According to the example embodiment of FIG. 3, the circuit 300 comprises: the comparators 12; a logic circuit 14; a counter circuit 16 performing incrementations and decrementations of the counter 166; and the latch 18.

In some embodiments, the comparators 12, the logic circuit 14, the counter circuit 16 and the latch 18 are integrated within one or more integrated circuits. Alternatively, one or more components of these circuits 12, 14, 16 and 18 could be implemented as external elements. Similarly, in one or more embodiments, the circuit 300 may include further elements in addition to those exemplified herein.

As exemplified herein, the comparators 12 for example comprise an input 121 configured to receive an input signal IN1 indicative of the current flowing through the conductor 10. The conductor 10 is for example associated with a load L (see FIG. 7) and is intended to be protected against overheating, current overload and/or short circuit events, for instance.

In FIG. 3, the sensor 11 is an amperometric sensor of any type configured to generate, during the operation 205 of FIG. 2, a sensing signal Ks×IWIRE(t) indicative of the level IWIRE(t) of the current flowing through the conductor 10.
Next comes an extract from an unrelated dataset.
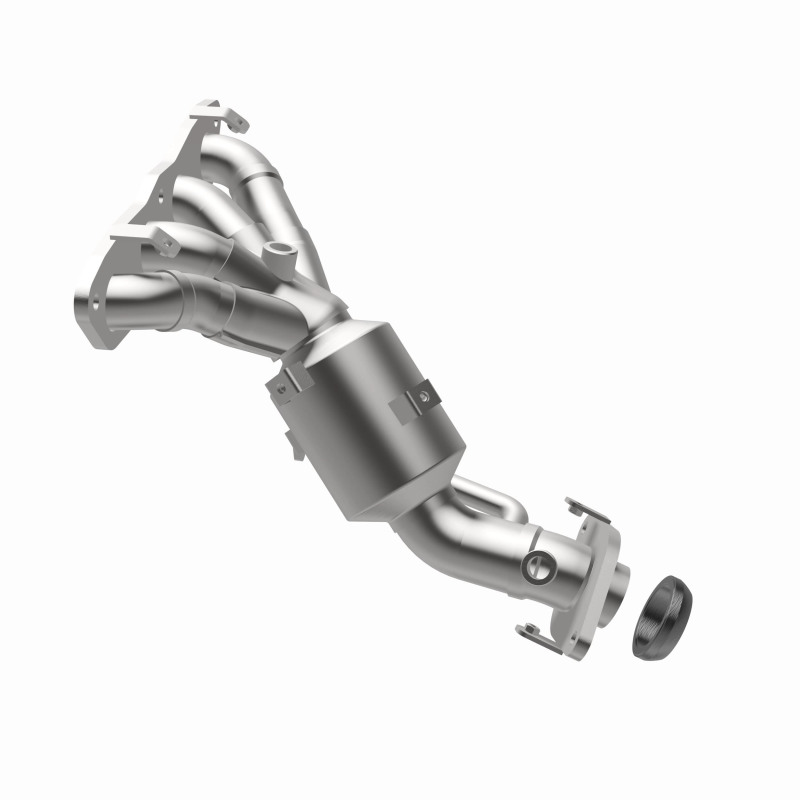 Toyota Prius C Catalytic Converter - Magnaflow - Direct-Fit, OEM Grade, Manifold - `12-`19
As exemplified in FIG. 3, the sensor 11 is for example coupled to a setting circuit IS coupled between the sensor 11 and the input 121. The setting circuit IS is for example configured to generate, during the operation 210 of FIG. 2, the normalized value of the current, namely IWIRE(t)/Inom, which is applied to the input 121. In that way, the circuit 300 is for example configured to operate as a reversible fuse adapted to latch (that is interrupt or at least reduce) the current through the conductor 10 as a result of the current level being found to reach a safety threshold defined as a function of a setting parameter represented by Inom.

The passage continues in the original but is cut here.